M. François Toussaint . - A Nancy, la représentante des coopératives est là, de même que la chambre d'agriculture, le centre de gestion, ou un représentant de la FNSEA ou de Groupama. Ainsi, les chambres proposent finalement de nouveaux produits plus chers, dont on ne sait pas s'ils sont moins toxiques.
Mme Nicole Bonnefoy , rapporteur . - Connaissez-vous des agriculteurs malades ?
M. Jean-Luc Ferté . - Je connais un apiculteur dont la femme a la maladie de Parkinson. Il établit une relation entre la pathologie et l'environnement agricole.
M. François Toussaint . - Cette pathologie a été la première maladie professionnelle officiellement imputée à l'utilisation de pesticides
Mme Nicole Bonnefoy , rapporteur . - La FNSEA n'a-t-elle pas voté contre sa reconnaissance comme maladie professionnelle ?
M. François Toussaint . - On dénombre actuellement 80 000 cas de maladies de Parkinson à la MSA. L'année dernière, quatorze cas ont été transmis aux commissions régionales, qui en ont reconnu la moitié. Les commissions régionales ont traité 474 dossiers. L'incidence de la maladie de Parkinson est 1,8 fois plus élevée dans le monde agricole que dans le reste de la population. Très peu de cas sont officiellement reconnus comme maladies professionnelles agricoles.
S'agissant des hémopathies , sept cents cas ont été déclarés alors que les commissions n'en ont étudié que quatorze .
Mme Nicole Bonnefoy , rapporteur . - N'y a-t-il pas une importante sous-déclaration des maladies professionnelles ?
M. François Toussaint . - En effet. Il convient en outre de souligner que les maladies des salariés sont mieux reconnues que celles des non-salariés . Par ailleurs, nous ignorons tout des critères de refus. Pour la maladie de Parkinson, dix ans d'exposition ont été demandés.
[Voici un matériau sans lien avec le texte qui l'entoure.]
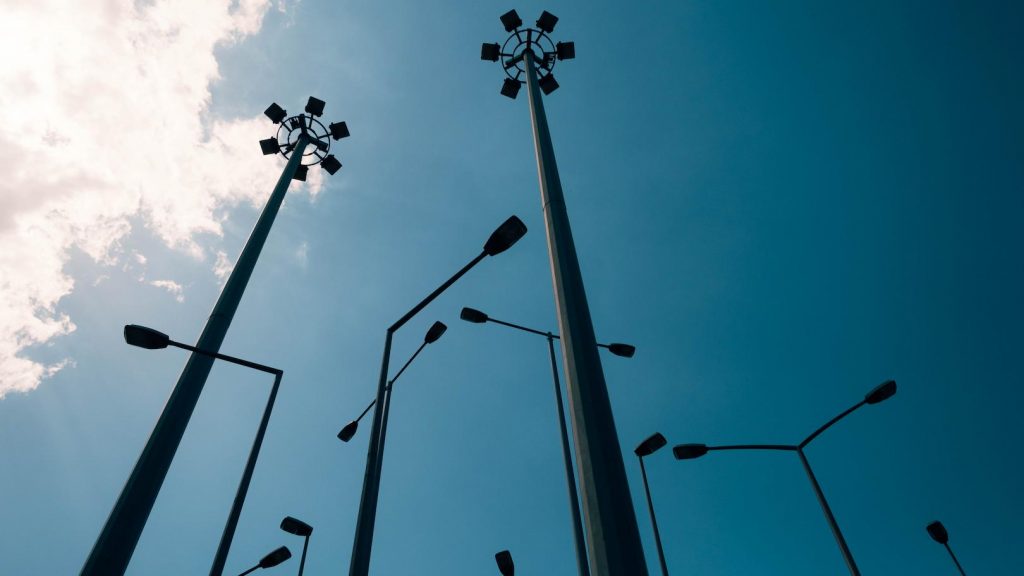 Tall urban street lighting poles viewed from below against a blue sky, illustrating large-scale outdoor lighting infrastructure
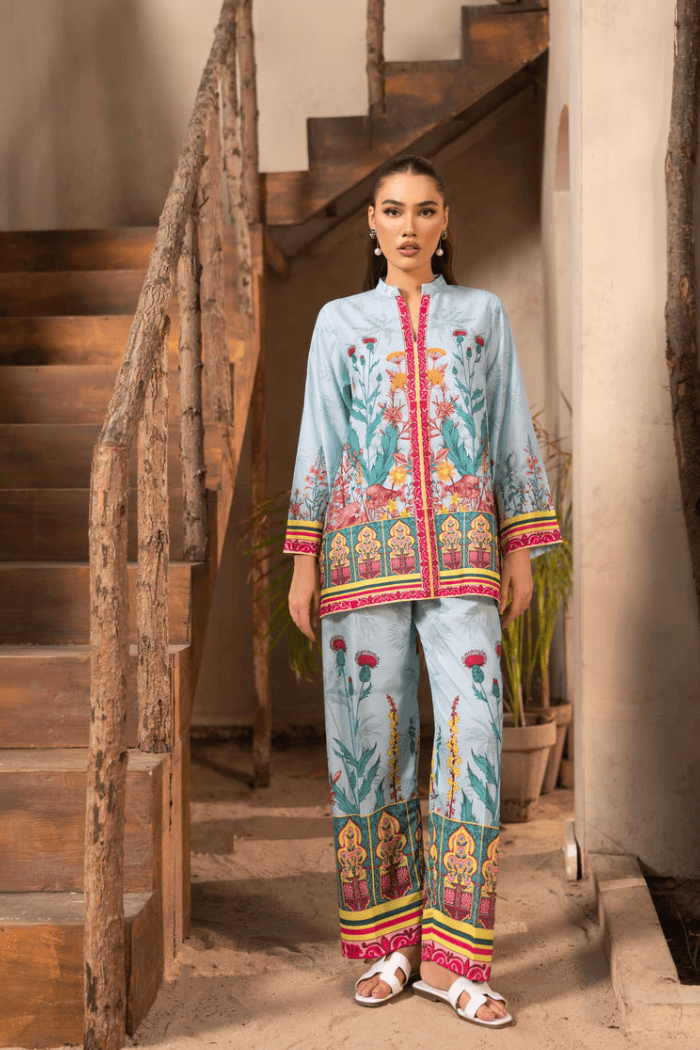 Woman wearing a colorful traditional outfit standing in a rustic setting with wooden stairs.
Cependant, des pressions ont été exercées pour que la maladie ne puisse plus être reconnue comme une maladie professionnelle plus d'un an après la fin de l'exercice professionnel.
Pourtant, M. Pierre Le Bailly a présenté un excellent exposé sur les cohortes d'agriculteurs à la commission « pesticides » du 24 avril. Ses résultats recoupent ceux des études américaines déjà réalisées. Quelques heures après avoir appliqué un produit pesticide, le génome est attaqué sur les chromosomes 14 et 18, sur les fréquences 32 et 21. Le pesticide est donc responsable du myélome . Cependant, le facteur explicatif reste partiel. Les corrélations avec l'activité professionnelle restent donc difficiles à établir. D'autres facteurs doivent être pris en compte. Par ailleurs, les pesticides semblent impliqués dans le cancer de la peau, une pathologie plus fréquente parmi les agriculteurs que chez les maçons. Les études sont bien faites et vont à peu près dans le même sens.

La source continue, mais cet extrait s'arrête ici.